2.3 网络运行:农村公共文化服务供给行为碎片化

农村公共文化服务多元供给主体应建构互惠共生式网络关系,才能达成相互依赖、相互协作、相互支持的共治共享状态。当前农村公共文化服务供给网络较为松散,主要表现在:一是农村公共文化服务政策沟通“碎片化”。行政权力主导的政策沟通极易存在倾向政府部门的趋势,从而会降低其它农村公共文化服务行动者参与政策沟通与合作的积极性。政府部门会借助其在议程设置以及绩效监督等方面的优势地位,掌握政策沟通过程中的话语权,通过选择、代言、否决等多种沟通策略使政策结果隐含政府部门的政绩意图里。二是农村公共文化服务资金融通“碎片化”。
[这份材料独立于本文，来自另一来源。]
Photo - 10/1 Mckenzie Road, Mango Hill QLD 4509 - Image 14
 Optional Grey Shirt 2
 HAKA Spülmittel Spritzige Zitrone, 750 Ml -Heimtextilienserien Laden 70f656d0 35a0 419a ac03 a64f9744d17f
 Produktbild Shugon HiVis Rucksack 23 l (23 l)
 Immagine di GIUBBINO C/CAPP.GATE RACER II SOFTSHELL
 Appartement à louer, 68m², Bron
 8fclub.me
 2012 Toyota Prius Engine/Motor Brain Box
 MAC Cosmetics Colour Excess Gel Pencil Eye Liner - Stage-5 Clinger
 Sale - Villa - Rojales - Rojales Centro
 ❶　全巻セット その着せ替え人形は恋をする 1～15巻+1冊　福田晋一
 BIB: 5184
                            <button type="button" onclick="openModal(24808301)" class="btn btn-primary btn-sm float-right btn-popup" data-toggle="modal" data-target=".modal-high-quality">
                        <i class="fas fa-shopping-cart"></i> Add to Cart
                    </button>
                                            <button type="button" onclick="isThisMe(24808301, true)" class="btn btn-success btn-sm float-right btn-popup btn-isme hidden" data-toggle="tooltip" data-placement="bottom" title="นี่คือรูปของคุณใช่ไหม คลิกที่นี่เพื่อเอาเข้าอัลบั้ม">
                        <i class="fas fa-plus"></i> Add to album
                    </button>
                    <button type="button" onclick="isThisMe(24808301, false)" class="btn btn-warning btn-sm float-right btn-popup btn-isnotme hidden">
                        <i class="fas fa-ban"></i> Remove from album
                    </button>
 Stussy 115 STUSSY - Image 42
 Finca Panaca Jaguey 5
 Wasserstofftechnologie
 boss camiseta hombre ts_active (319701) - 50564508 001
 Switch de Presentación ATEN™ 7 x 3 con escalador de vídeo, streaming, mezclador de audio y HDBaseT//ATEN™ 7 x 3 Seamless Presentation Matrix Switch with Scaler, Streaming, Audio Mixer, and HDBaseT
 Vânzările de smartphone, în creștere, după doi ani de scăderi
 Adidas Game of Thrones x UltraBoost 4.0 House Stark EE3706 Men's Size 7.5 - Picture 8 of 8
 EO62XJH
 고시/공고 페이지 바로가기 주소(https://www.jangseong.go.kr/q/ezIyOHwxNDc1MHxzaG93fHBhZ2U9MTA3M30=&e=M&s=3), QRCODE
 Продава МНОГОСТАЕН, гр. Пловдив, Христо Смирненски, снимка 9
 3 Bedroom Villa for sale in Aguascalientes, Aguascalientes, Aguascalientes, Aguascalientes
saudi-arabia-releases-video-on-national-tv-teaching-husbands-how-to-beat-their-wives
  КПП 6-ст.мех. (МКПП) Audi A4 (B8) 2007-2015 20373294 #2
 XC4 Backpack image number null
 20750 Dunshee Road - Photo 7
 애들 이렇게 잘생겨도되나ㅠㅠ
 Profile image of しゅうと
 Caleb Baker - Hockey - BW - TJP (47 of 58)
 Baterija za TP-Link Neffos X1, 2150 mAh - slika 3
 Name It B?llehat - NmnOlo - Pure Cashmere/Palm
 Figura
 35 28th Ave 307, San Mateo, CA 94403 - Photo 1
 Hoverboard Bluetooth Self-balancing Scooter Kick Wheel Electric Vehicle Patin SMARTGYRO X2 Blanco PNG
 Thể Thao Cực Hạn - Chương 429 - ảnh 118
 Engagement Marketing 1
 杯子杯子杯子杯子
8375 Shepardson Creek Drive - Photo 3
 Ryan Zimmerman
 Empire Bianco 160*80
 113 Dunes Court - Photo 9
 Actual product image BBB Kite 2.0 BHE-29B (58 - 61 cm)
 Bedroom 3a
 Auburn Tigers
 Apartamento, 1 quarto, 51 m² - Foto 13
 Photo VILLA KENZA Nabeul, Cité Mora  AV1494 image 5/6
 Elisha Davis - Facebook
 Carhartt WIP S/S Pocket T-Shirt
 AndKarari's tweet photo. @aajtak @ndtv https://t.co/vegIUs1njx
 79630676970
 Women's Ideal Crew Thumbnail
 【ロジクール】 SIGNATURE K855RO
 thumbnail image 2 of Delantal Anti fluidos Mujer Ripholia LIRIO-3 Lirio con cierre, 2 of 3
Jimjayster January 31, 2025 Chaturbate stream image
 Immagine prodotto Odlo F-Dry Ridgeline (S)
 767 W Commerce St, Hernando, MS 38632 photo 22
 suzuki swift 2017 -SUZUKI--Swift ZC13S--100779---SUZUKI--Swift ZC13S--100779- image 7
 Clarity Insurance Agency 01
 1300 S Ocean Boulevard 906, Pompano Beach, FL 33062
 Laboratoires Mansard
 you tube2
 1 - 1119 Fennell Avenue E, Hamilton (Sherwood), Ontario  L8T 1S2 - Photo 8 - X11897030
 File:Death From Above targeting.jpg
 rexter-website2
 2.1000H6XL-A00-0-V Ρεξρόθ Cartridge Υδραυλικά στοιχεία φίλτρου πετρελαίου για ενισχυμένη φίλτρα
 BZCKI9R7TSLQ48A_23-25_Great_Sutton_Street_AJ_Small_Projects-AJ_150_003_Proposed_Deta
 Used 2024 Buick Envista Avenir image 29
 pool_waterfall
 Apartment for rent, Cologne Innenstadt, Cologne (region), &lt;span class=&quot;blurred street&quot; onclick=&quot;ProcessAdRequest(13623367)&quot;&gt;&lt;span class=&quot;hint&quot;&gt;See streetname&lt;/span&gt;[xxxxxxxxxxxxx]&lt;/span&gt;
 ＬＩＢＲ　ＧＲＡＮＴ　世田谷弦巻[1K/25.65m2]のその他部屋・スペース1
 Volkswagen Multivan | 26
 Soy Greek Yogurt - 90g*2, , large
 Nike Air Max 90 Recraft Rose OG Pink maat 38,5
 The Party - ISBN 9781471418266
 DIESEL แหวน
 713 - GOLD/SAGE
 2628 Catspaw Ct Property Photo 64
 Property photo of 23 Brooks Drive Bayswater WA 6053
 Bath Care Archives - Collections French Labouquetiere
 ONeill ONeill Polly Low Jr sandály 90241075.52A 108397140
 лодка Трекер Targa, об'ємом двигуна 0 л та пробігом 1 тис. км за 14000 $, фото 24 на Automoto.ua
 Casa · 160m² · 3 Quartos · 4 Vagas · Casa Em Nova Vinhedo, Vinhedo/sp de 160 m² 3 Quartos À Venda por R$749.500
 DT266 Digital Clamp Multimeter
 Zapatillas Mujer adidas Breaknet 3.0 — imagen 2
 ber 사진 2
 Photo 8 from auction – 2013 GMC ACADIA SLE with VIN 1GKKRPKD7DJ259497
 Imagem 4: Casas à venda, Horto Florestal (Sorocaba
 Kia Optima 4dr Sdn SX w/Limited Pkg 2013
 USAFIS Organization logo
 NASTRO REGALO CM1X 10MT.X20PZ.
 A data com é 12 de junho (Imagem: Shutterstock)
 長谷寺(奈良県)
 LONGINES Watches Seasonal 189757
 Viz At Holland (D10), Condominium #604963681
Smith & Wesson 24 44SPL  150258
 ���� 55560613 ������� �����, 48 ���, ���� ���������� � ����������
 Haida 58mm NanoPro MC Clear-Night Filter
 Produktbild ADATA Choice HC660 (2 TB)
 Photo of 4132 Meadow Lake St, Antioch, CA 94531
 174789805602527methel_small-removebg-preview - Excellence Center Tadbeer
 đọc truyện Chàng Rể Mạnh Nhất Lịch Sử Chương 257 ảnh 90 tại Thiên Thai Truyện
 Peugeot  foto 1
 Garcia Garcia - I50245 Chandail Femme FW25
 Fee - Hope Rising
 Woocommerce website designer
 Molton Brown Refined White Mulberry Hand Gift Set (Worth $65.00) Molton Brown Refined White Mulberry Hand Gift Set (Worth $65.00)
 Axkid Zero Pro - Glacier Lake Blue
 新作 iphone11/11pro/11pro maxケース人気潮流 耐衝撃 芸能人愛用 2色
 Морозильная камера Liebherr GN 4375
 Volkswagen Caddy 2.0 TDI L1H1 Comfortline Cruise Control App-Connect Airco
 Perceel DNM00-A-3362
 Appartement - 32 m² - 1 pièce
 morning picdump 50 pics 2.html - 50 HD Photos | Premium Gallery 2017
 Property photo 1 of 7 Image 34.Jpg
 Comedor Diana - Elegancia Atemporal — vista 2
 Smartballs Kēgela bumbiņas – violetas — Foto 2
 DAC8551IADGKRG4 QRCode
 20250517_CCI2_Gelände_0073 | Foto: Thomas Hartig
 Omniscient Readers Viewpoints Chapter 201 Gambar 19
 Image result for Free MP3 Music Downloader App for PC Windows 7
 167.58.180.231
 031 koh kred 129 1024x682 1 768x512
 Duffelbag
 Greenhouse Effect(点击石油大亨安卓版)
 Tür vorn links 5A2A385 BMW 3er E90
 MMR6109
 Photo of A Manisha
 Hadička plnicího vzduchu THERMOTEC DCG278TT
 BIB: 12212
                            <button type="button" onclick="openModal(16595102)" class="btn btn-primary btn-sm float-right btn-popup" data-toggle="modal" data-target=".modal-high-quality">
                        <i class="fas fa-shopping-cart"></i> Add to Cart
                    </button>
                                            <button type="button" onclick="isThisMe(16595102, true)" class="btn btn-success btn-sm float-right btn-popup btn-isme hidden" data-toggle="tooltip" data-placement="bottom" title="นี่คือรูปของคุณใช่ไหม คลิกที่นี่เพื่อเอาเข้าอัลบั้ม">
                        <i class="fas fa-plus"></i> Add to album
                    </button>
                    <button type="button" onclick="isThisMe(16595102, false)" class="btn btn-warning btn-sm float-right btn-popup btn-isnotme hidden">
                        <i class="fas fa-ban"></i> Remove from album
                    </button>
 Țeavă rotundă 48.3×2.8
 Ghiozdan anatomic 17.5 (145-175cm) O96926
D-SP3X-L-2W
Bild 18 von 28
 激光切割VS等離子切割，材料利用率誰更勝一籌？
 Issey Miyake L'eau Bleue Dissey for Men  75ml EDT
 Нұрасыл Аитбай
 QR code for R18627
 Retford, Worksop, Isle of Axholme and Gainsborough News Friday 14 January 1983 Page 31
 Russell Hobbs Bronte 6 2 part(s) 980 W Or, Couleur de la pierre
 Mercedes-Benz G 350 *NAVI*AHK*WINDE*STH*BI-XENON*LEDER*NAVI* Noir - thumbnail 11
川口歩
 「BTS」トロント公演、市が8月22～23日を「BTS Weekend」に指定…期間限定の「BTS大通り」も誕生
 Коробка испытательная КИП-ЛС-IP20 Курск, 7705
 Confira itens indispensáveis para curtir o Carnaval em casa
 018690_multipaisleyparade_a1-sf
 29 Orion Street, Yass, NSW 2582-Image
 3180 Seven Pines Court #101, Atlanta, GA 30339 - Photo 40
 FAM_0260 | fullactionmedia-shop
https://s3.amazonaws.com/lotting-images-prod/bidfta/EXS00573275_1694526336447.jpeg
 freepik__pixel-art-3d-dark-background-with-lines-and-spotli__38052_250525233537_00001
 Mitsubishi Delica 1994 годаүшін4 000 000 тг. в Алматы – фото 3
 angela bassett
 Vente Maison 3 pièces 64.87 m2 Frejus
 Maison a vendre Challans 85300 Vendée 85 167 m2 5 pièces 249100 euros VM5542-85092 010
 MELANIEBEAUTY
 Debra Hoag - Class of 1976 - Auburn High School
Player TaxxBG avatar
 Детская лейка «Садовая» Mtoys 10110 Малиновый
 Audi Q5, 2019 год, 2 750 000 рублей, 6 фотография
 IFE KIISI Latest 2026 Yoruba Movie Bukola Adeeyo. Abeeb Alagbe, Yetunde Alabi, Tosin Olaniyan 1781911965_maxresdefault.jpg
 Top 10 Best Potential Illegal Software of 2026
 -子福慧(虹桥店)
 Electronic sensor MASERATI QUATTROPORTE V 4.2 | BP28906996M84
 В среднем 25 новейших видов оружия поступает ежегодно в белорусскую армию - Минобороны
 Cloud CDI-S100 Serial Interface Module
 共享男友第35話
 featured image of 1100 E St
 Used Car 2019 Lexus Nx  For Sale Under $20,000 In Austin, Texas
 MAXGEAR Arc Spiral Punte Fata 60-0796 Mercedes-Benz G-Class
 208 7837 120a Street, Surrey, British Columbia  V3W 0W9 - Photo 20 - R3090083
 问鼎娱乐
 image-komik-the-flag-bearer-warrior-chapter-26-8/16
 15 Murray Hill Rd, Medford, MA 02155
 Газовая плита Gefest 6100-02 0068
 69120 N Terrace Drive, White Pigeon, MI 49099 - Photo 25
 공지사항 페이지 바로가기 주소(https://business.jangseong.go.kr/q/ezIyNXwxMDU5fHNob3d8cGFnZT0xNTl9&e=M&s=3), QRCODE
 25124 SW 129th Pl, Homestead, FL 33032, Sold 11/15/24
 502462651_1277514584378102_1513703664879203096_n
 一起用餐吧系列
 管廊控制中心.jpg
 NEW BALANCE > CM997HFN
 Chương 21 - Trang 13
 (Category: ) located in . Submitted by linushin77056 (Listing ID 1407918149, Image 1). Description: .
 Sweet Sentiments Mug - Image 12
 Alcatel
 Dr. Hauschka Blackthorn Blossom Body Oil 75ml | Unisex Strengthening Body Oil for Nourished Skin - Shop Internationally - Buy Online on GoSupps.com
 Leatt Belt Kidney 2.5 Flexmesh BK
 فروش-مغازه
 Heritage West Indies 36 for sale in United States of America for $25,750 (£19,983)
政府部门通常掌握着公共服务市场化、社会化改革的控制权,在公共服务供给手段、公共服务资源分配、公共服务合作对象选择等关键议题具有权威性话语。由于供给意愿较低,专项财政资金投入较少,乡镇政府在推进乡村公共文化服务市场化方面普遍处在消极状态,在公共文化服务领域还没有广泛实施外包购买政策,导致市场主体缺乏参与乡村公共文化服务的机会。三是农村公共文化服务项目联通“碎片化”。新时期随着乡村公共文化财政投入力度的加大,越来越多的标志性文化场馆出现在乡村大地上,然而对于普通农民而言,财政投资建设的乡村文化场馆俨然成为“充满着权力符号的剧场,极大消解了村民享用公共文化产品的热情[3]。”

3 农村公共文化服务合作供给的优化路径

新时代农村公共文化服务合作供给需要坚持以农民为中心的核心理念,从政府本位向农民本位转变,从政府管理模式向公共治理模式转型,积极调动政府、市场与社会的积极性和主动性,培育农村公共文化服务主体行动能力,完善农村公共文化服务合作供给机制,努力形成政府主导和社会参与良性互动的治理格局,最大限度地满足广大农民群众多样化、多层次、多形式的精神文化需求。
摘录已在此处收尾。